Refrigerator is Not Cooling At All

When you are troubleshooting your refrigerator that is not getting cold in both the fridge section and freezer section, there are a couple simple steps you can take to narrow down the problem.  Use the guide below to help you in your troubleshooting process.

Is the Compressor Running?

Do you hear a Buzzing and Clicking Sound?

Compressor for a RefrigeratorYes - If the Compressor is Running and the machine is not blowing cold air inside the freezer, you may have either a restriction in the sealed system or the freon has leaked out of your refrigerator.  This is not a repair that is considered DIY.  You will have to call in a service technician or consider replacing the refrigerator.

No - If the Compressor is Not Running, let's find out why.  In order for your refrigerator to get cold at all, the compressor motor has to run.  Turn the refrigerator to the on position and check the fan that is down by the compressor.  When the compressor has to run, the fan will also have to run.

Compressor Start RelayIf the fan is running you have one of two problems.  Either the compressor is bad or the relays that start the compressor are bad.  The first thing you want to do is check to see if you have voltage at the wires that go to the relay.  You should have 120 volts AC.  If you do, then unplug the refrigerator from the wall and remove the relays from the compressor.  You need to check the pins on the side of the compressor.  If the pins test good, then replace the relays on the compressor and it should start running again.  If the compressor tests good and you have voltage to the new relays and it still doesn't run, then the compressor is locked up and would need replaced.  You are probably hearing a buzzing and clicking sound when it tries to run.
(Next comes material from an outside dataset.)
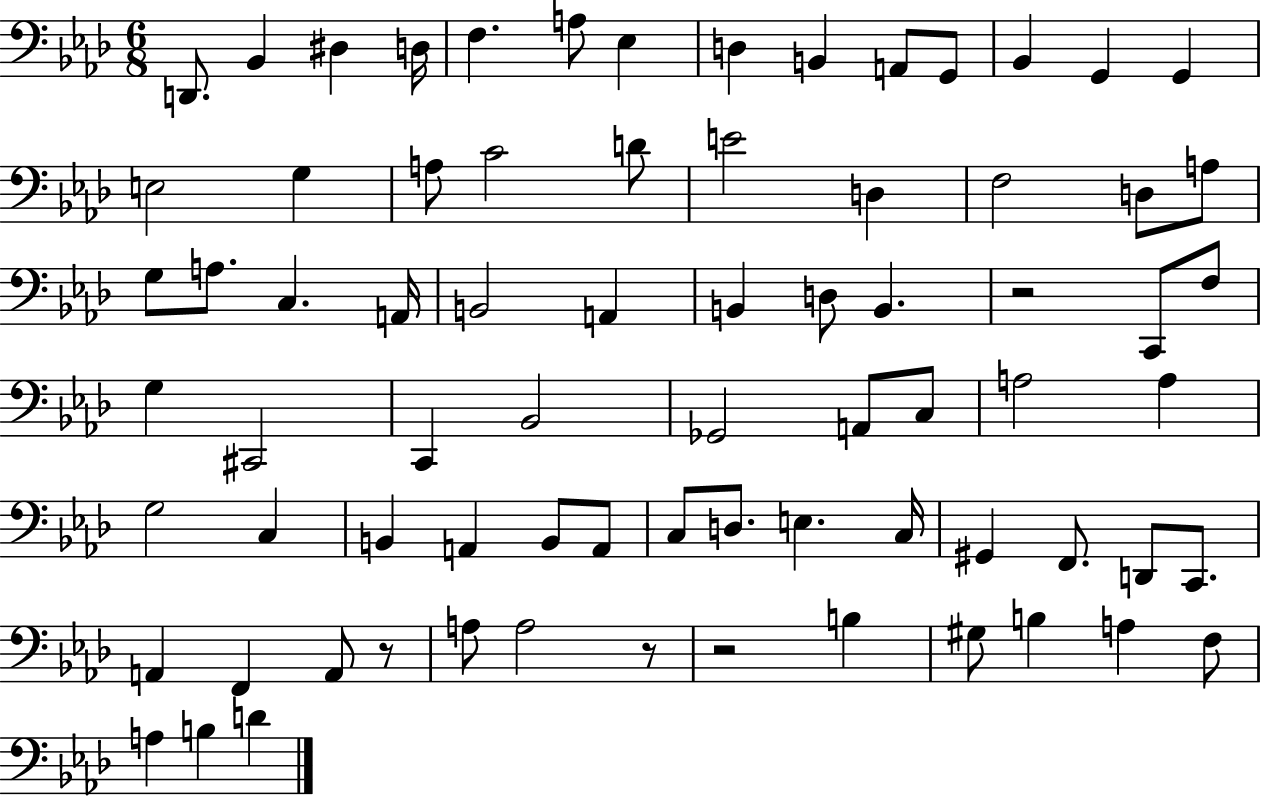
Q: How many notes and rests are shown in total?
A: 75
Is the Refrigerator Stuck in Defrost?

If any of the fans on the refrigerator are running, your machine is not stuck in defrost, this will not apply to you.  If no fans are running when it's turned on this may be the problem your having.  Every 8-10 hours or so, your refrigerator goes into defrost mode.  This is when the defrost timer or ADC board shuts down the cooling components and turns on a heater in the freezer section.  If the timer has advanced into defrost, it's possible that a bad timer will not advance out of defrost.  Therefore causing a complete no cool issue. 
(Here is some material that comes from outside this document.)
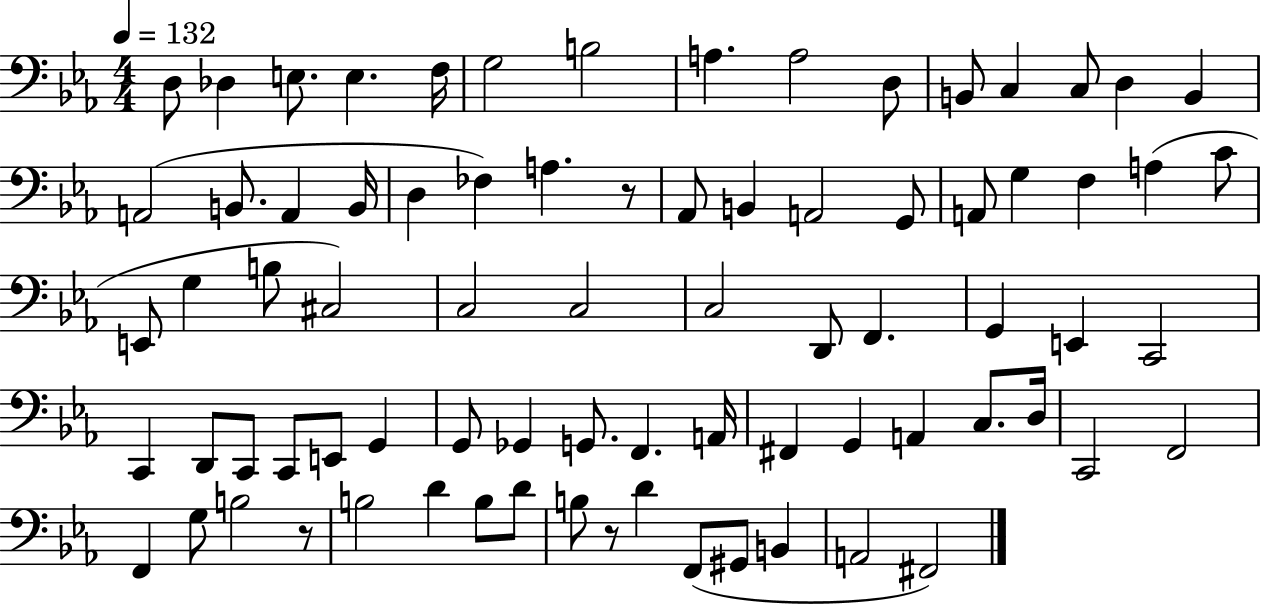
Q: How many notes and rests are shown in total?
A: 78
Refrigerator Defrost TimerHow to check this is going to depend on which type of timer you have.  Most machines have a timer that looks like the one pictured here.  They can be located anywhere from back behind the compressor to behind the controls where you set your temperature.  To check this type of timer to see if it has entered defrost and got stuck is rather easy once you locate the timer on your machine.  All you are going to need is a flat head screwdriver and all you need to do is advance the timer.  To do this, turn the dial on the timer clockwise looking at it straight on.  You will notice that as you spin the dial around it clicks.  At a certain point you will hear a different distinct click.  That is the timer going into defrost.  If you turn the dial just a little bit further you will hear that distinct click again.  That is the timer going out of defrost.  Turn the dial to make sure it is just passed the second distinct click.  At that point the freezer fan should be running.  You will hear the fan shut off when the timer gets to the first "click" and come back on after the second one.  If the timer is not in defrost and the relays are not getting voltage you need to do one more test to see which is the problem.  From here you will need to locate the thermostat on your refrigerator.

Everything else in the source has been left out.